Perspectives : une implication ambiguë dans un contexte explosif

La fourniture par les États-Unis de bombes perforantes, de missiles THAAD et de renseignements à Israël constitue une implication logistique et stratégique significative, contredisant les affirmations de non-implication militaire. Cette assistance, soumise à des autorisations strictes, a permis à Israël de surmonter ses limites opérationnelles, notamment pour frapper des sites nucléaires fortifiés. L’information préalable de Trump et la coordination des renseignements renforcent l’idée d’une complicité tacite, malgré la rhétorique diplomatique de Washington.
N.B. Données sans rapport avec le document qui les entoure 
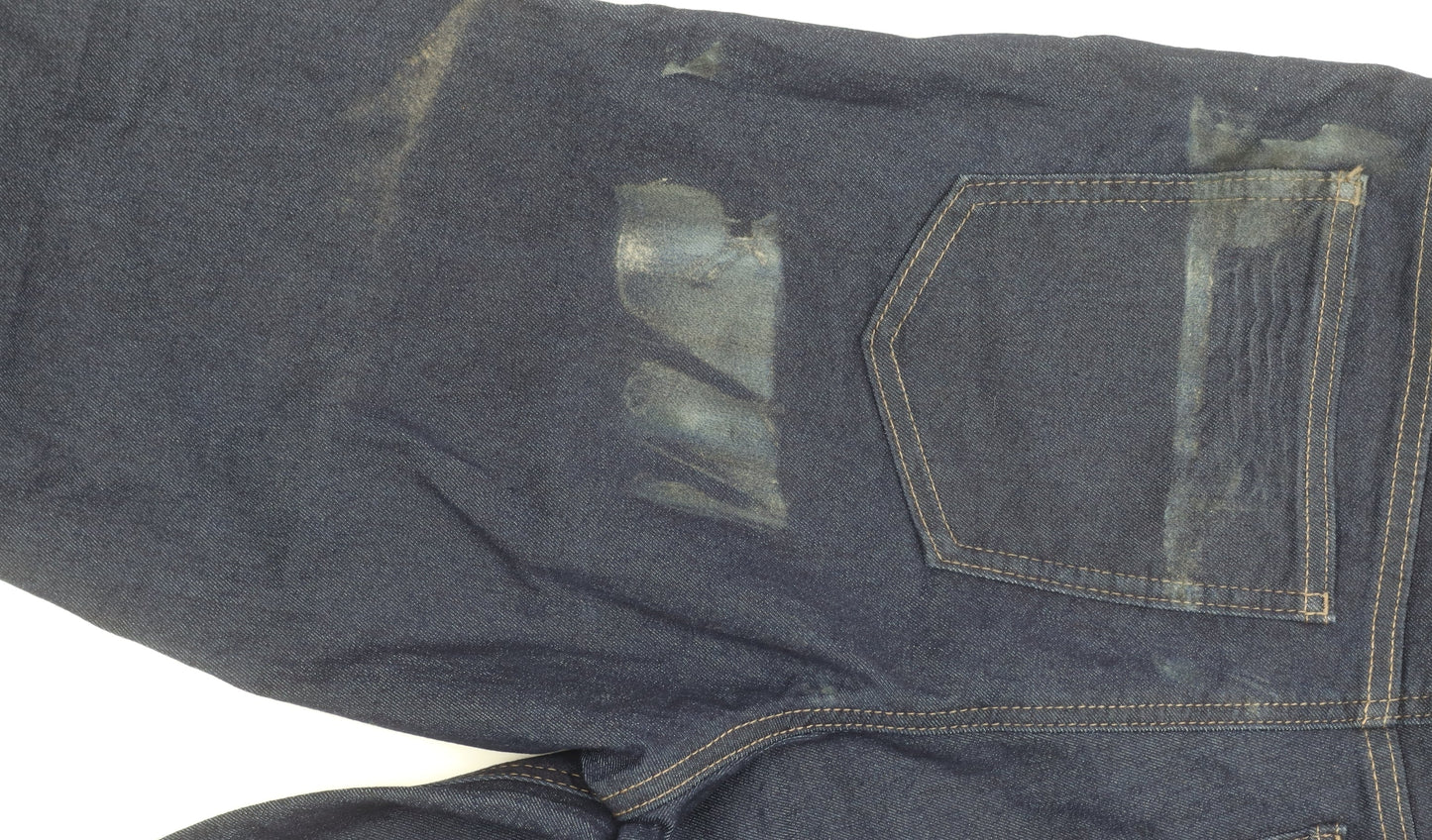 Womens UK Size 12 Marks and Spencer Regular Fit Skinny Blue Jeans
Les frappes menacent les négociations nucléaires, cruciales pour éviter une militarisation du programme iranien. L’Iran, humilié par les pertes subies, pourrait intensifier sa riposte, ciblant des bases américaines ou poursuivant son enrichissement d’uranium. Les prochains jours, marqués par les drones iraniens et la mobilisation israélienne, détermineront si la diplomatie peut encore contenir l’escalade ou si la région basculera dans un conflit plus large, avec des conséquences économiques et géopolitiques majeures.